Jouant tour à tour de la fiction (Depuis qu’Otar est parti, L’Arbre) et du documentaire (La Cour de Babel), Julie Bertuccelli construit depuis quelques années une des œuvres les plus passionnantes du cinéma français contemporain. Diplômée de philosophie, la réalisatrice ne cesse d’interroger notre rapport au monde et nos difficultés à communiquer.

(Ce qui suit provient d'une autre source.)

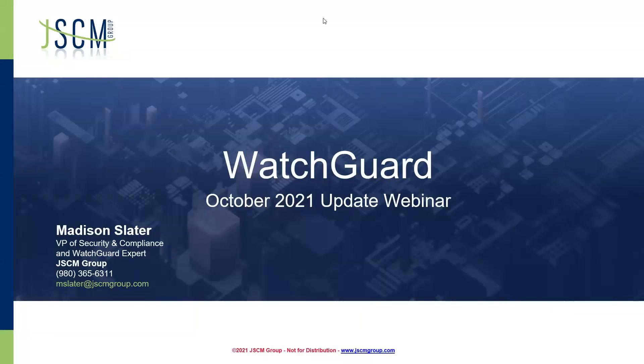Good morning, everyone, and welcome to our October WatchGuard webinar. We appreciate all of you taking time out of your calendar to join us. We've got some fun stuff to talk about this month. This is Madison Slater. I am the VP of Security and Compliance here at JSCM Group and resident WatchGuard expert. So let's go ahead and jump right in.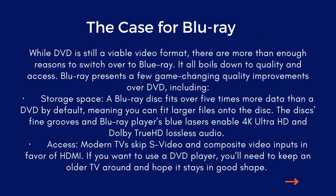The case for Blu-ray: while DVD is still a viable video format, there are more than enough reasons to switch over to Blu-ray. It all boils down to quality and access. Blu-ray presents a few game-changing quality improvements over DVD, including storage space — a Blu-ray disc fits over five times more data than a DVD, meaning you can fit larger files onto the disc. The disc's fine grooves and Blu-ray player's blue lasers enable 4K Ultra HD and Dolby TrueHD lossless audio.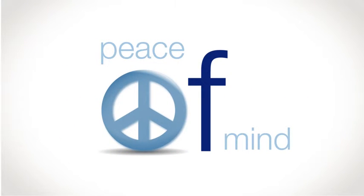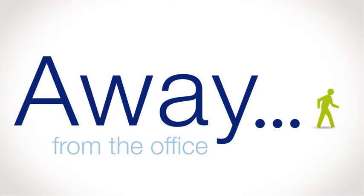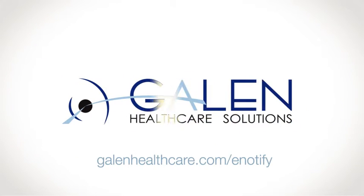With up-to-date information via e-notify, doctors and nurses have the peace of mind they need to make informed patient decisions, even when they are away from the office. To get e-notify for your team, visit galenhealthcare.com/e-notify.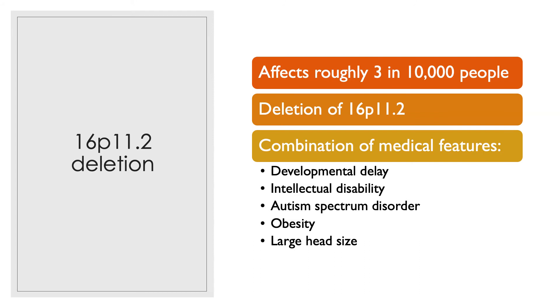A child with 16P11.2 deletion syndrome may have developmental delay, learning disability, autism spectrum disorder, obesity, and large head size.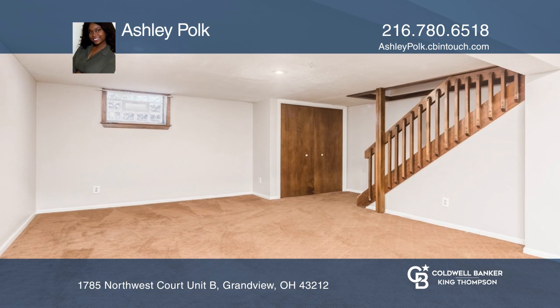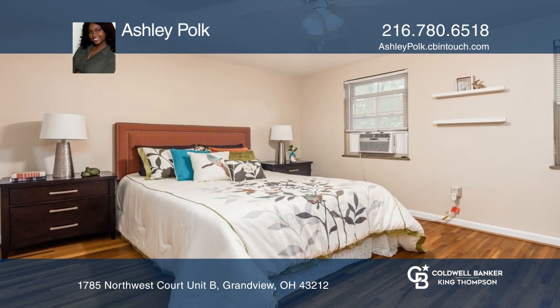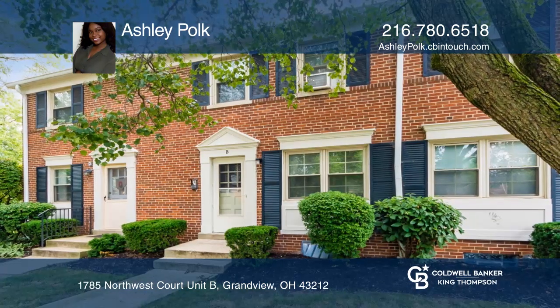If you are looking for a lovely home in a peaceful neighborhood, this is the home for you. Your new condo is just a call away. Contact Ashley Polk for more details.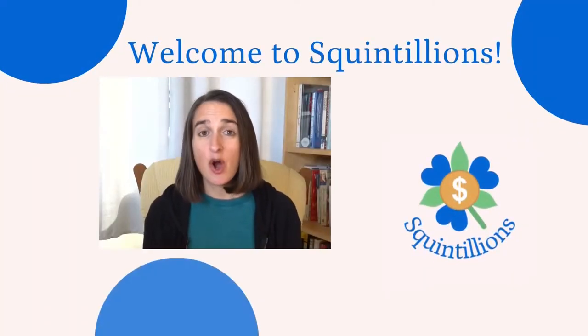Hi friends, I'm Rebecca. Welcome to Squintillions. In March 2020, I had an idea for an experiment to try with real estate investment trusts, also known as REITs. I wanted to test out how a selection of REITs in the stock market would perform compared to the REITs in my Fundrise account.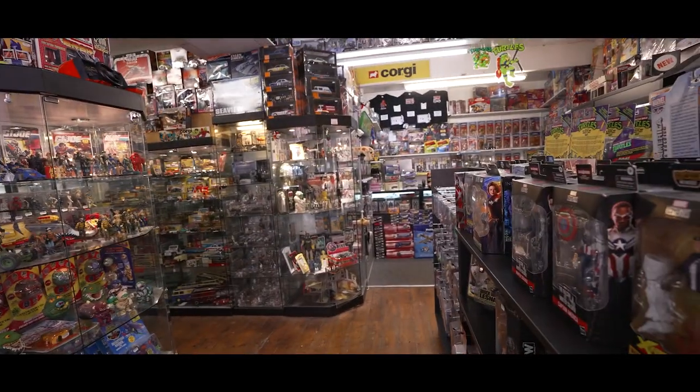Hello, welcome to Leicester Vintage. I'm Gav and Joe's on holiday, so we're gonna try and sell all of his toys. Let's go and have a look.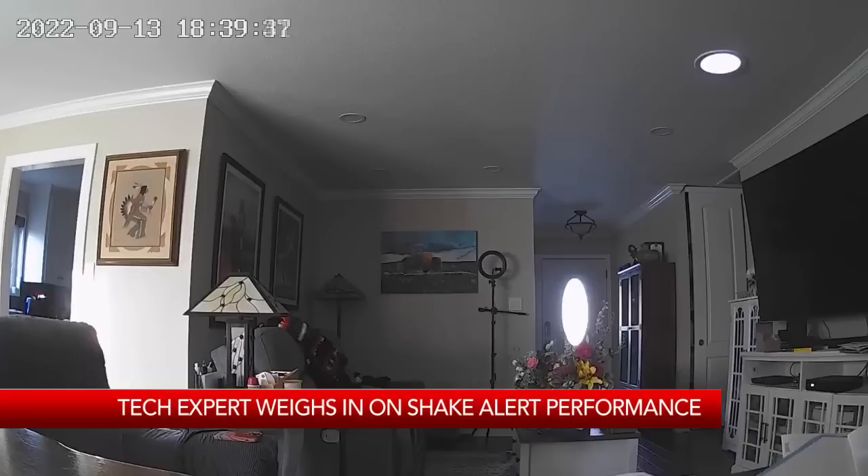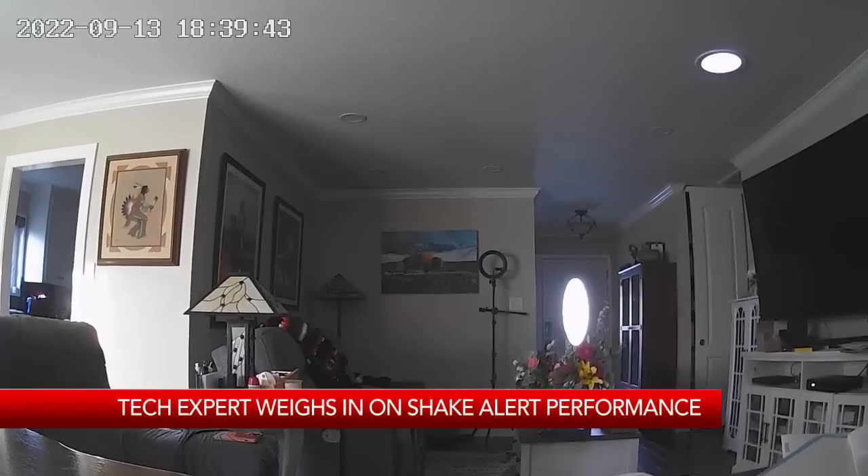When Tuesday's 4.4 earthquake shook Santa Rosa Tuesday evening, Dr. Lucy Jones from Caltech was on a Zoom call with an associate who lives in the city.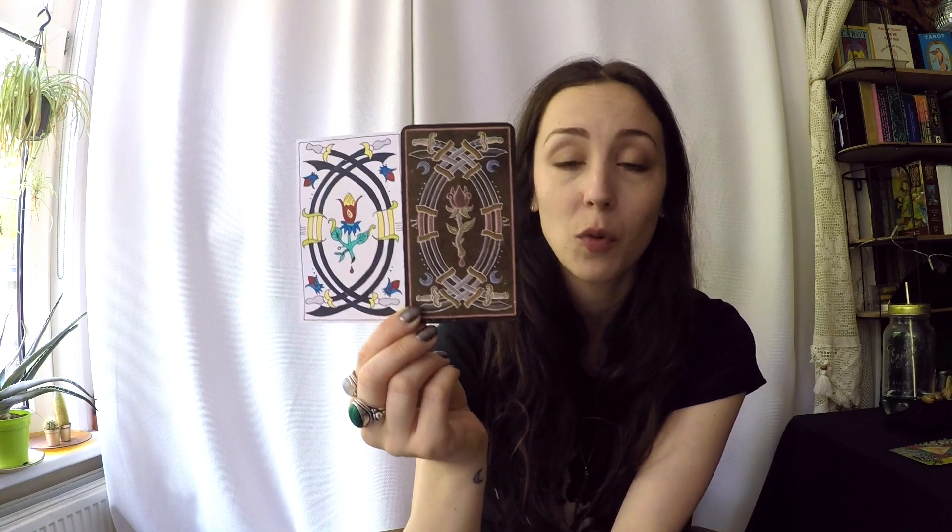Not only with other decks, like the Rider-Waite-Smith, where it's easy to look at the background and find a story. But here in Marseille, two swords cards next to one another can make a full circle — they link together. In this case it doesn't mean anything because it's two Four of Swords put together, but that's the type of symbolism I want to talk about. I have different decks, and I feel my collection goes in different directions, so let's look at some cards.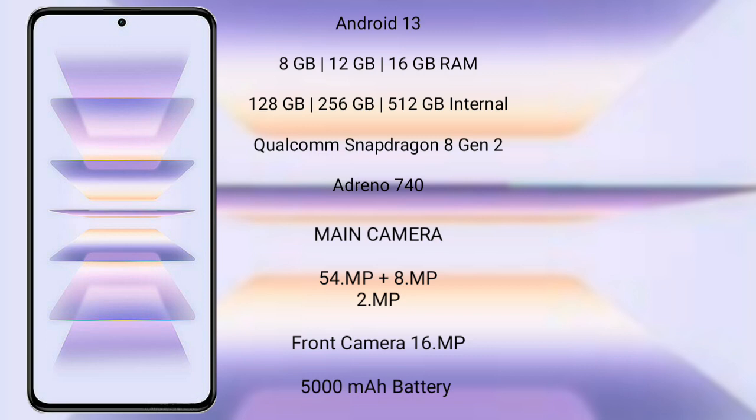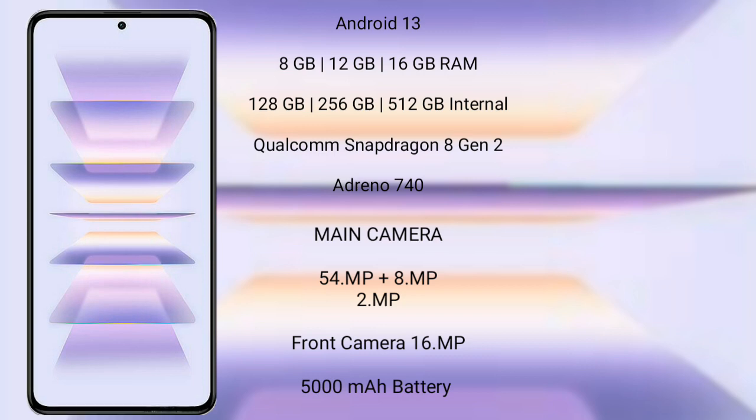Xiaomi K60 Pro features a triple rear camera setup: 54MP plus 8MP plus 2MP, and a front camera of 16MP. It has a 5000mAh battery with 100W fast charging support.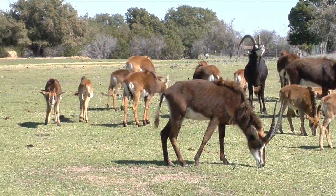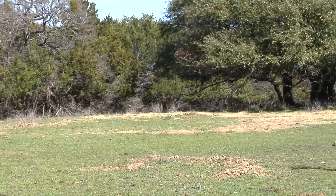Hey guys, Michael Byrd here. Welcome back to another Fun Fact Friday. Today's Fun Fact Friday is going to be about sable antelope.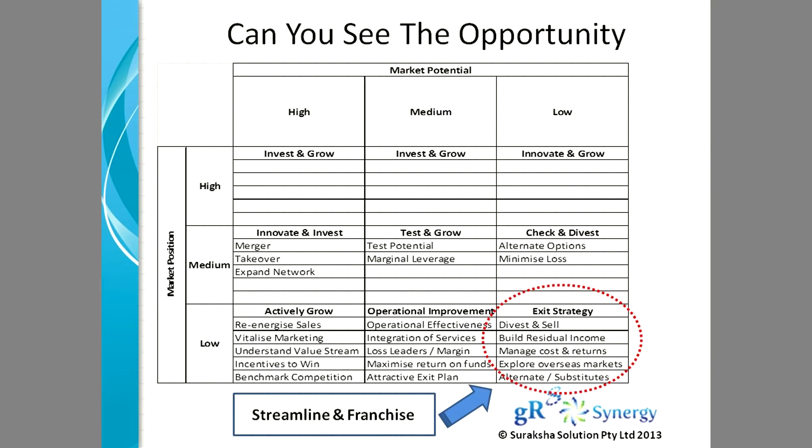Have a strategy to manage your business, to manage it economically, to make it profitable. At some point in time, our suggestion would be to streamline your back end, streamline your business, and look at a possible franchising. Such opportunities do exist.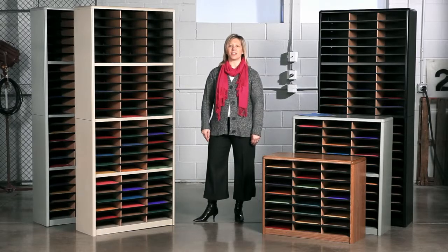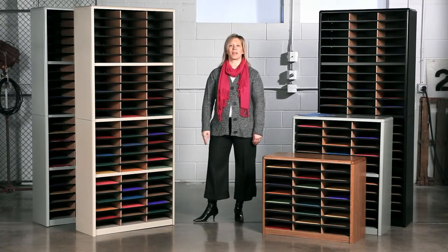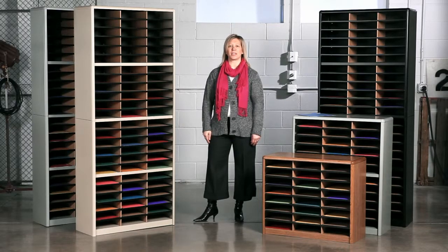These units have steel frames and support shelves along with heavy-duty corrugated compartments. You'll find built-in label holders with labels included. Many schools and offices use the value sorter organizers as an easy way to administer or accept assignments.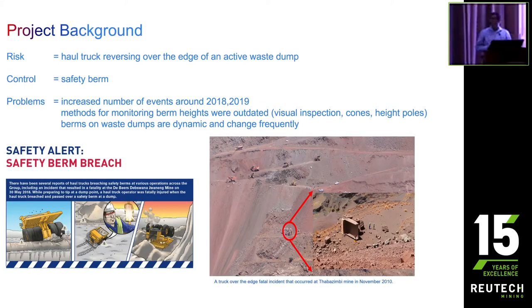One of the priority unwanted events at our operations is a truck-over-the-edge incident. This would typically be where a truck reverses over the edge of a waste dump, over the edge of an ore stockpile, or drives off a bench. The issue is that we can end up with a fatality. An example of this is shown in the image on the lower right-hand side — this is from when I was working at Thabazimbi mine back in 2010. We had a similar incident at the Jwaneng operation at Debswana in Botswana a couple of years later, and we started seeing a number of these types of incidents occurring — some near misses, but unfortunately a number also resulting in fatalities.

Dernières nouvelles du cosmos ne fait pas exception à la règle : portrait saisissant d’une poétesse privée de parole, le documentaire nous force à changer notre regard sur l’autisme et nous aide à prendre conscience des possibilités infinies de notre cerveau.

Comme son titre l’indique, Dernières nouvelles du cosmos nous emmène dans un autre monde : le monde d’Hélène, poétesse autiste, dans lequel, plutôt que de parler pour ne rien dire, on se tait pour mieux dire. Appartenant à un « lot mal calibré » (selon ses propres mots), Hélène souffre d’une forme très lourde d’autisme. N’ayant accès ni à la parole ni à l’écriture, elle a passé les vingt premières années de sa vie enfermée dans le silence, sans aucune possibilité d’entrer en contact avec ses proches. Et puis, alors qu’Hélène a 20 ans, sa mère découvre qu’elle sait lire et écrire. C’est le point de départ d’une renaissance : désormais, Hélène communique, en agençant des petites lettres plastifiées sur une feuille de papier. Ceux qui l’entourent découvrent alors une jeune femme à l’intelligence hors-norme, au verbe vif et à l’humour acéré. Dernières nouvelles du cosmos nous montre ainsi que l’oralité n’est pas le seul relais possible de la pensée et des émotions, et que de son empêchement donne naissance à un langage autrement plus puissant. À cet égard, la découverte des textes de Babouillec (le nom d’artiste que s’est choisi Hélène) est une révélation. Sa poésie casse les conventions syntaxiques, multiplie les métaphores, joue d’allitérations et d’assonances, créant une vibration singulière et puissante, en comparaison de laquelle notre prétendu « don » de la parole paraît bien fade. Réinventant un langage affranchi de la parole, le film nous fait comprendre que tout communique : les humains sans parole, mais aussi les corps, les plantes et les animaux. Les scènes les plus émouvantes du film sont d’ailleurs celles où la communication devient extra-langagière. On pense notamment à ce passage où Hélène, allongée sur un lit devant une télévision, se retrouve soudain prise au piège d’émotions trop fortes. Elle s’énerve, crie, secoue son corps. La fille de Julie Bertuccelli s’approche alors d’elle, et pose sa main d’enfant sur sa cuisse. Immédiatement, Hélène s’apaise. Une simple connexion des corps transmet bien plus que le discours, et cette intuition enfantine s’avère particulièrement émouvante pour les adultes que nous sommes.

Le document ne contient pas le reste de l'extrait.